Got this 1938 Schwinn Henderson last week and started to work on it today. Was very happy with it because its one of my dream bikes and still am but, it needs some help. Chains bent, forks bent a little, and theres a strange random weld on the rear hub. Needs a chainguard and pedals as well. Even looks like someone tried to pry the badge off at one point but couldn’t cause the screws had no threads. Got it for a good price though so hoping it will be all ready without putting to much money into it. Got the right chainring for it to. Don’t know what model this is and would love to know more about it. Thanks


----------



## Autocycleplane (Jun 3, 2018)

Cool bike. Early production if it really is a 38 model- it still has the earlier style fender graphics


----------



## rollfaster (Jun 3, 2018)

Love this one!


----------



## John G04 (Jun 3, 2018)

So i know its missing its chainguard but didn’t know if this would take a chrome feather guard or a deluxe chainguard like the ones the b6s and phantoms had. If anyone has one they are willing to sell i may be interested. Thank you.


----------



## buickmike (Jun 3, 2018)

I wonder if it had a painted feather guard. Also if the dog leg that was on it will be needed when you do find a chain guard


----------



## Autocycleplane (Jun 3, 2018)

Schwinn is life said:


> So i know its missing its chainguard but didn’t know if this would take a chrome feather guard or a deluxe chainguard like the ones the b6s and phantoms had. If anyone has one they are willing to sell i may be interested. Thank you.

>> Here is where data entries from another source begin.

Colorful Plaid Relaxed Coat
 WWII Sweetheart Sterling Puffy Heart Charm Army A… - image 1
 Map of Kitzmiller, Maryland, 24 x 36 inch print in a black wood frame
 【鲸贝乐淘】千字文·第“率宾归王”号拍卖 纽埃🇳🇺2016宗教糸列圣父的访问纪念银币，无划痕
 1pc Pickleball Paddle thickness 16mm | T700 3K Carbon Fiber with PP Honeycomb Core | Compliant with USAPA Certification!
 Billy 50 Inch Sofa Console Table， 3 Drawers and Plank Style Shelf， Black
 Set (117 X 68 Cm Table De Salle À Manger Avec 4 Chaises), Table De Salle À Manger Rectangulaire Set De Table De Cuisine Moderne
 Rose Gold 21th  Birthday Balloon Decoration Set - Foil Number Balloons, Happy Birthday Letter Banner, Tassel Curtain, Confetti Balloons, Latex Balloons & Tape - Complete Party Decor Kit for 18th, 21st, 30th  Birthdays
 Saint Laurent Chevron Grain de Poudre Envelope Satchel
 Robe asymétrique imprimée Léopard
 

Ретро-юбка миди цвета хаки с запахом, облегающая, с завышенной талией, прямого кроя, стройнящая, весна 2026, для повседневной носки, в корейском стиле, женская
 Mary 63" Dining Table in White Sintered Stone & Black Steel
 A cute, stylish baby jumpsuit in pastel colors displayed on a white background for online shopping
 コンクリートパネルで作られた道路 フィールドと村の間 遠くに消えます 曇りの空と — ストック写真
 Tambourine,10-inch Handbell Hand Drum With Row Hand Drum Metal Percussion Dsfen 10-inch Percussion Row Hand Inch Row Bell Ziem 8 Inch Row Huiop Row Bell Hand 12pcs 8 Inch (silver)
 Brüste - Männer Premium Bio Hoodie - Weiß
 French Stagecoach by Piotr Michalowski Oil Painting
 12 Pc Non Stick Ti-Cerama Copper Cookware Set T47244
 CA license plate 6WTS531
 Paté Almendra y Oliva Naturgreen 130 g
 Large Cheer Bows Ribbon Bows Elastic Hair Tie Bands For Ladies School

38 has the wing guard, 37 had the hockey. Deluxe guard didn’t show up until 41

Post up photos of the drive side chainstay/rear axle area. It should be evident which style guard it had originally from the scars left behind. It does look like wing wear on the seatstay right above the axle


----------



## John G04 (Jun 3, 2018)

Autocycleplane said:


> 38 has the wing guard, 37 had the hockey. Deluxe guard didn’t show up until 41
> 
> Post up photos of the drive side chainstay/rear axle area. It should be evident which style guard it had originally from the scars left behind. It does look like wing wear on the seatstay right above the axle





 

Looks like it had a feather guard can’t tell for sure though. Also here the chainring that came on the bike when I got it. It says pope and its designed so when you start to pedal it has give so you can move the chainring when its like this. If anyone knows anything about the chainring or needs it let me know.


----------



## Autocycleplane (Jun 4, 2018)

Love the matching wheels, I think I’ve only seen that on ChiCyCo bikes.


----------



## John G04 (Jun 5, 2018)

So took the fork and wheel off today. Looks like someone tried very very hard to break the fork lock and steal this bike since it has a broken stem which I think we can fix and deep scars in the fork tube and broken bearings along with a slightly bent fork.The lock mechanism is really damaged so for the locking fork since i really don’t want to replace many of the bikes original parts i’ll just plug it with something. Here it is


----------



## Autocycleplane (Jun 5, 2018)

Dang duder that is a bummer. I actually would be a little concerned about riding on that given how deep some of those grooves have worn. But then again I’m a larger than average human that does dumb things on these old bikes so you are probably fine. 

Still a killer bike.


----------



## Kickstand3 (Jun 5, 2018)

Schwinn is life said:


> Got this 1938 Schwinn Henderson last week and started to work on it today. Was very happy with it because its one of my dream bikes and still am but, it needs some help. Chains bent, forks bent a little, and theres a strange random weld on the rear hub. Needs a chainguard and pedals as well. Even looks like someone tried to pry the badge off at one point but couldn’t cause the screws had no threads. Got it for a good price though so hoping it will be all ready without putting to much money into it. Got the right chainring for it to. Don’t know what model this is and would love to know more about it. ThanksView attachment 818354View attachment 818348 View attachment 818349View attachment 818350 View attachment 818352 View attachment 818353
> 
> View attachment 818351




I like this one also!


Sent from my iPhone using Tapatalk Pro


----------



## Schwinn lover (Jun 7, 2018)

You need this book!! I love all the details & pictures. 
Looks like to me it is a model BA 97


----------



## John G04 (Jun 8, 2018)

Yeah looks like a good book. Now the seat looks like its been on the bike awhile but was wondering if it was right since I see most Schwinn Ba’s with longspring seats ot sliding rail messingers. Let me know thanks.


----------



## Hammer (Jun 11, 2018)

Talk to @WES PINCHOT he may be able to help with the locking fork, on a repair or a replacement if it's to bad off, that's an awesome part of the bike just to plug up! Cool bike none the less

Aaron


----------



## John G04 (Jul 27, 2018)

Alright back with progress on the 38. Got the correct chainring for it, rebuilt the original pedals that were covered with tar in spots, straightened the fork, and repair the stem that was broken at the bottom. Have a chainguard on the way and the wheels are being fixed. Thanks!


----------



## 49autocycledeluxe (Jul 27, 2018)

looking at that fork I would bet a bearing fell down in there somehow and wore out the fork.  is that a matching damage I see on the head tube of the frame?


----------



## John G04 (Jul 27, 2018)

49autocycledeluxe said:


> looking at that fork I would bet a bearing fell down in there somehow and wore out the fork.  is that a matching damage I see on the head tube of the frame?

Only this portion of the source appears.